Performance considerations - mobile games - (Unity 5) - for noobs

edited in General
These notes revolve mainly around mobile games - as I needed to get the best feel and performance out of my current game.

Here are some things that I have learnt along the way - that might help some one who is going though the same thing.

In general, real-time lights are a little expensive for mobile devices and you want to avoid them where possible, especially is you want to use the standard Unity shader. (I use just one real-time light - as a real time torch)

Also real-time shadows are out of the question - thus the need to bake them in - this should give your game some much needed lighting realism. Baking your lights in - will also allow you to throw in a ton of "extra" lights at very little run-time compute.

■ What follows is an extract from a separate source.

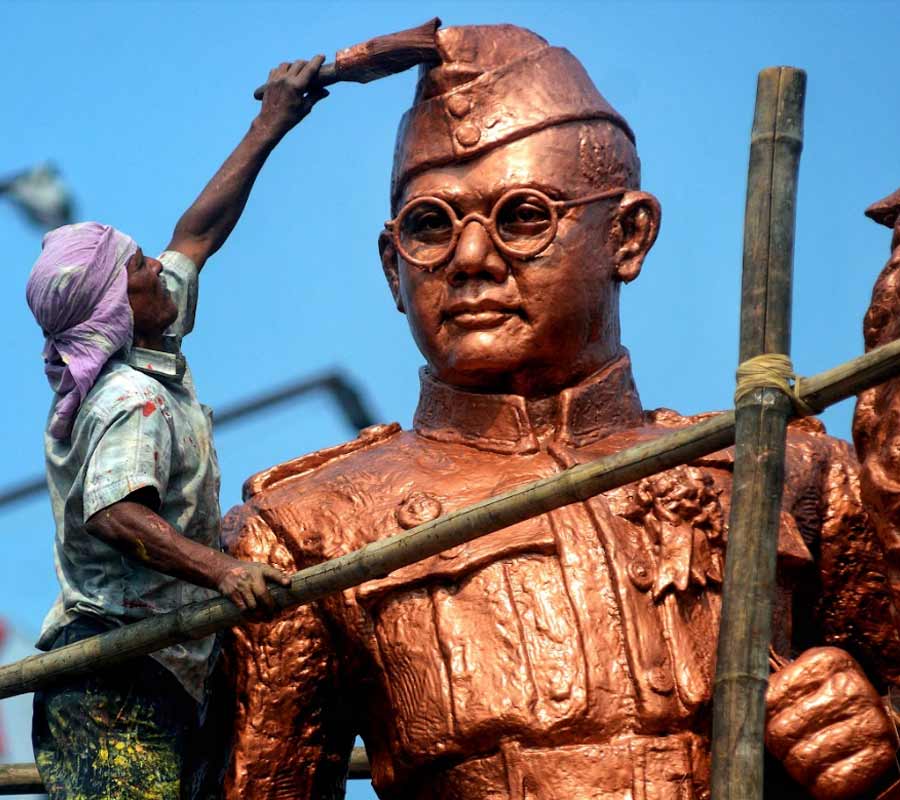 GALLOP TOWARDS 125: The iconic statue of Netaji Subhas Chandra Bose perched on a horse at Shyambazar five-point crossing gets a fresh coat of paint on Friday, January 21, ahead of his 125th birth anniversary. A host of programmes have been planned to commemorate Netaji’s birthday on January 23. Geetanjali building in Sector V, Salt Lake, is being converted into a miniature park and christened Jai Hind Park and will be inaugurated on the same day. The Union government also plans to instal a grand statue of the legendary freedom fighter at the India Gate in New Delhi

1) For the objects you want to bake. (normally the game objects that will not move in your scene)
a) Make sure you "generate lightmap UV's" for these models - without those you are going nowhere.
b) Make sure you have set all these items to static inside your scene.

2) Try only bake your larger game object objects - leave the smaller ones for light probes.
a) Light probes are also well suited for moving (dynamic) objects in your scene. (Light probes - produce lighting that is quite cheap to compute.)
b) Leaving the smaller items for light probes will also reduce you bake time.

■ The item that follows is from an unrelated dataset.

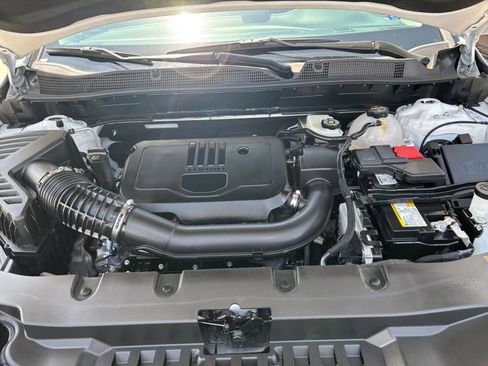 Used 2026 Chevrolet Blazer LT FWD image 28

3) When creating light probes: make sure to get this free store asset:!/content/58290
a) Its going to save you a ton of time setting up light probe regions/volumes.
b) Make sure you check the demo scene :)
c) You will need to place a "master" volume over all you other smaller volumes - this should stop any light "bleed".

More on Unity light probes here: Light probes are going to allow your non-static objects to receive your baked-in static light projections.

4) When starting you first bake:
a) To speed up baking - make sure to reduce you "baked resolution" - to something very small. (like 1)
b) Then do increments on 1's until you are happy with the final result - I left mine on 10 - it was good enough for me.
c) Make sure you have "Add direct light" checked - for light probes.

5) Naturally: Make sure all your game lights baking setting are set to "bake".

Other than that - some other useful tips:

1) Make sure your models are using a shared texture - this is going to boost your static batching performance.
2) Make sure to use a forward rendering path.
3) Make use of occlusion culling
a) if you have a scroller type game - make sure you dont use over sized meshes - smaller ones work better here.